• WHAT IS EXPECTED:
Further down are entries; set down exactly and only the lines from the one with "В Амстердаме полиция" up to and including the one with "花螺新鲜海螺东风螺猫眼螺凤螺香螺海鲜水产鲜活冷冻特大无沙袋装", dropping each picture.

• INFORMATION SUPPLIED:
===

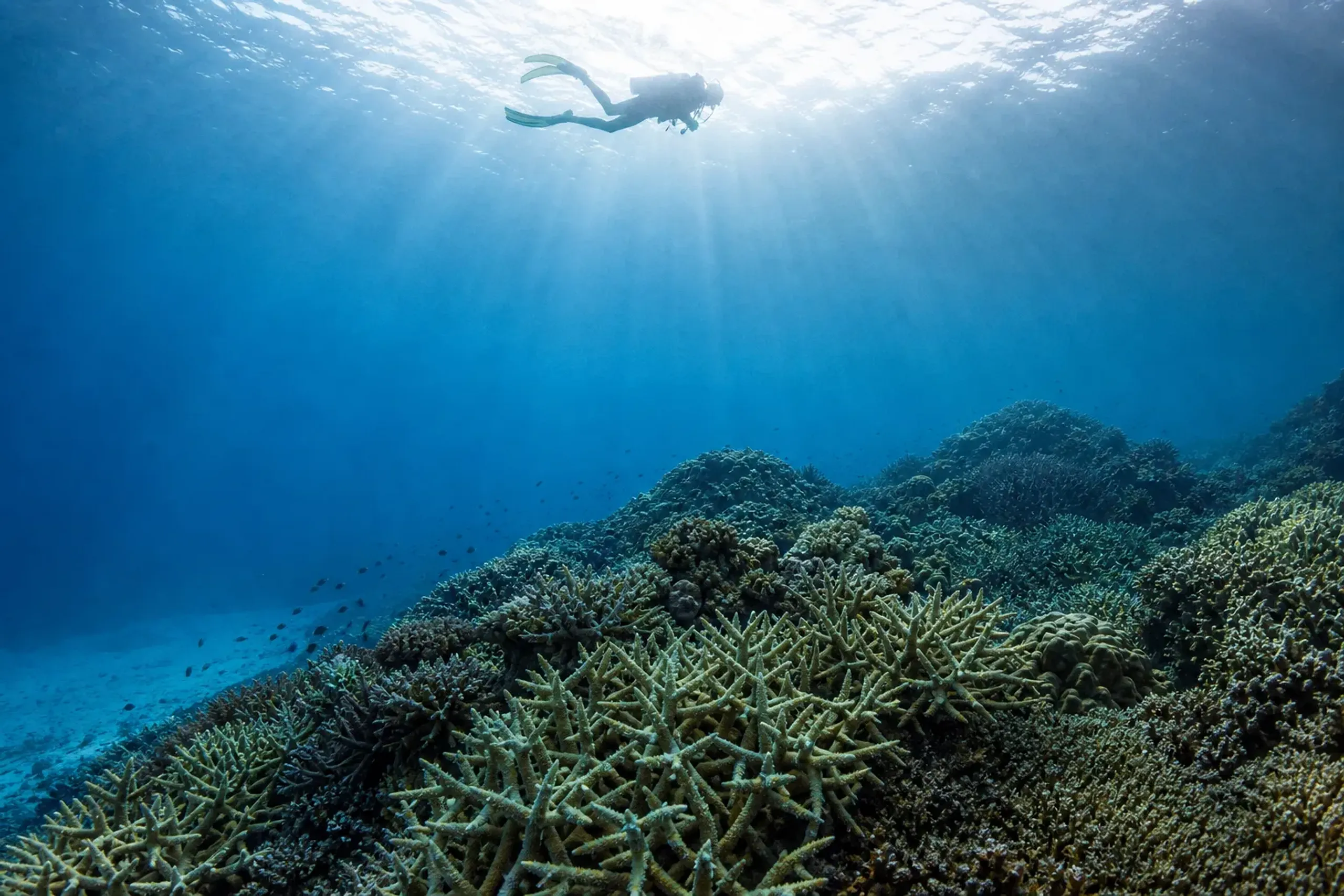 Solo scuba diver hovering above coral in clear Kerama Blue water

===

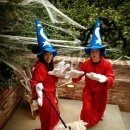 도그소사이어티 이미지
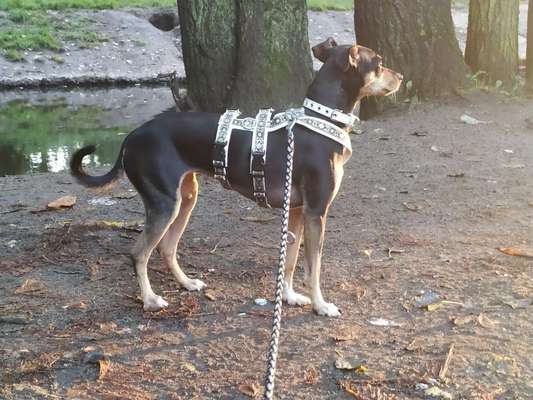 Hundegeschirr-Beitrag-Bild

===

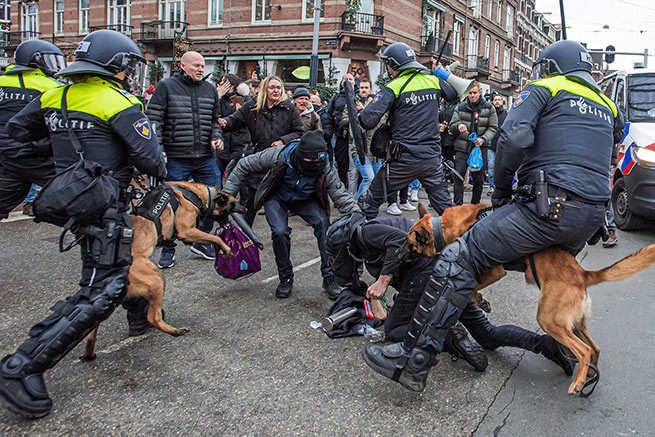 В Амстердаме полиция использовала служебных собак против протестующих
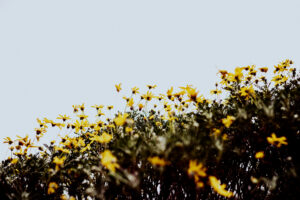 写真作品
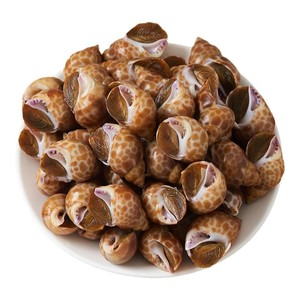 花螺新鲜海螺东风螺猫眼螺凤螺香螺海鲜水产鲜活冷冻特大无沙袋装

===

• ANSWER BOX:
 В Амстердаме полиция использовала служебных собак против протестующих
 写真作品
 花螺新鲜海螺东风螺猫眼螺凤螺香螺海鲜水产鲜活冷冻特大无沙袋装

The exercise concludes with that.